By Johan Pretorius, MMM segment lead, Anglophone Africa at Schneider Electric
OPINION| THE mining, minerals and metals industry forms a critical part of material supply, all essential as the world continues to move towards a digital transformation.
However, the industry also contributes an estimated four to seven percent of the globe’s greenhouse gas (GHG) emissions.
Moreover, the International Energy Agency (IEA) Critical Minerals Market Review, notes a record deployment of clean energy technologies is propelling huge demand for minerals such as lithium, cobalt, nickel and copper.
“From 2017 to 2022, the energy sector was the main factor behind a tripling in overall demand for lithium, a 70% jump in demand for cobalt, and a 40% rise in demand for nickel,” says the report.
This surge underscores the urgent need for sustainable practices in an industry that continues to grow in leaps and bounds and is traditionally reliant on high-carbon energy sources like diesel.
Microgrids play an important part in taking the mining, minerals and metals to a greener posture also known as green mining, minerals and metals.
For one, it is particularly well-suited to an industry where operations are often located in remote areas with limited access to reliable electricity, and a combination of energy sources.
By integrating various energy sources – such as solar, wind, battery storage, and diesel generators – microgrids provide a stable and continuous power supply, essential for the uninterrupted operations of mines, cement plants, and steel mills to name a few.

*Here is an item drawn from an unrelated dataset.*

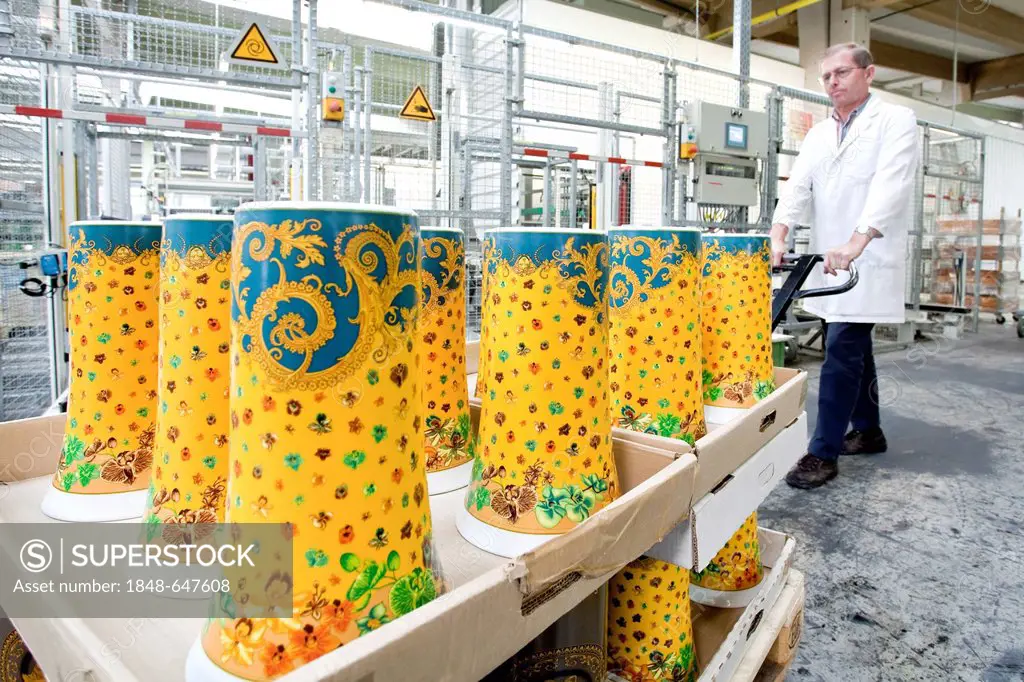 Employee transporting unfired Versace vases to the kiln of the porcelain manufacturer Rosenthal GmbH, Speichersdorf, Bavaria, Germany, Europe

In Africa, we are seeing countries like Kenya, Tanzania, Zambia, and South Africa adopting microgrid technology. These nations are exploring the technology to not only ensure reliable power supply to mining operations but also to align with global sustainability requirements.
The benefits of microgrids go beyond their ability to easily operate in conjunction with renewable solar and wind energy generation and include:
- Higher resilience – Microgrids can generate and store power independently from any main power grid offering a more resilient approach to maintaining power stability. By having the option of either acting in coordination with the existing grid or acting as an independent island, the steady, predictable supply of energy greatly minimises an operation’s power-related downtime.
- Supports migration from fuel furnaces to electric furnaces – In the glass and steel industries, a sustainability trend towards the electrification of furnaces is helping to reduce costs and to lower global carbon emissions.
- Easier management – microgrid management solutions such as Schneider Electric’s EcoStruxure Microgrid Advisor architecture provide a Human Machine Interface (HMI) for site managers, process the various demand/response requests, optimise output decisions based on energy tariff rates and weather forecast predictions, and factor in user consumption constraints.
- Innovations such as Electric Arc Furnaces (EAF) and Direct Reduction Iron (DRI) are helping to eliminate the use of high emissions fuel furnaces. Microgrids play an important role in supporting these new processes as alternative and additional sources of renewable energy.